Ethiopia is the only exception to this trend and it is expected to become a major sugar exporter over a five-year horizon to 2022.
“Those with the most exposure to the European market, and limited growth opportunities at home, are forecast to be worse affected,” said the report, adding that this includes Mozambique, Zimbabwe and Swaziland.
Africa has the largest amount of uncultivated land in the world. An estimated 201 million hectares of land is potentially available across sub-Saharan Africa, representing 60 per cent of the world’s total, according to Fischer and Shah figures cited by the World Bank.
This abundance of uncultivated land is far higher than the estimated 120 million hectares available in Latin America, in second position. Africa therefore remains the last frontier for crop production.
The report also forecast that smuggling will remain a major concern in a bid to regulate global cocoa production levels and a ‘cocoa cartel’ will have a limited impact. Ghana and Côte d'Ivoire created an alliance to control cocoa prices and other marketing and industry activities.
“Though the countries’ (Ghana and Côte d'Ivoire) influence on global supply and international trade is substantial, various structural barriers will inhibit their ability to manipulate the cocoa market,” stated the report.

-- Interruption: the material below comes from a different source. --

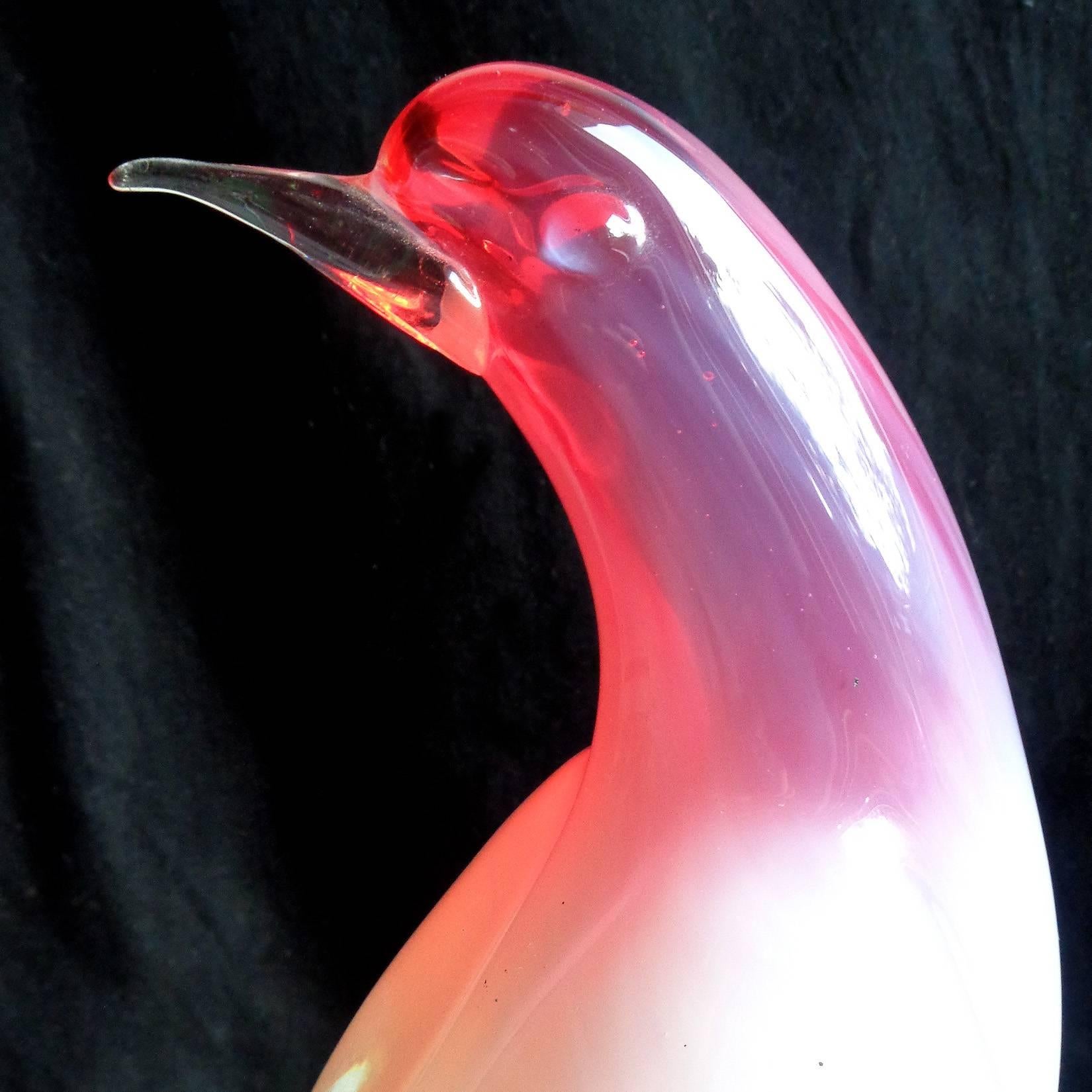 Mid-Century Modern Berto Toso Murano Opalescent White Red Italian Art Glass Bird Sculpture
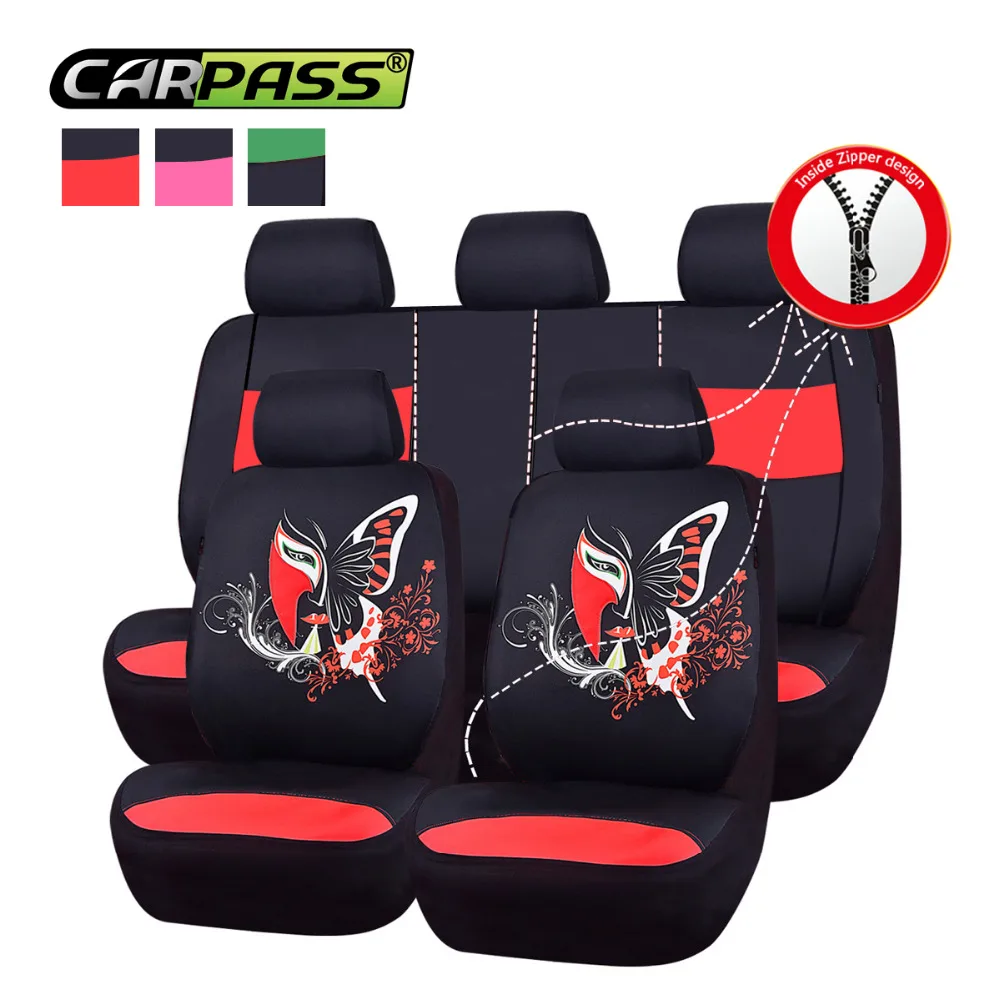 NEW ARRIVAL One Set Package, Black With Purple color CAR PASS HOMEIN Two Tone Sideless Universal fit car seat covers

Ghana and Côte d'Ivoire export cocoa beans which are shipped elsewhere for processing, operate different marketing systems, consist of widely dispersed scattered smallholder farms, and have a limited infrastructure, making coordination difficult.
“Local cocoa producers will therefore still be vulnerable to international price volatility,” said the report.
Investors from the Middle East have been tempted by African agribusiness for years, and a report by real estate consultancy Knight Frank, released in October 2018, suggests demand is growing. GCC agricultural investors are increasingly driven by the prospect of reaping good returns.
Moreover, the region’s desert climate, limited arable land and water scarcity have resulted in high dependency on food imports – in the UAE, African imports totaled $21 billion in 2017, up 170 per cent since 2010.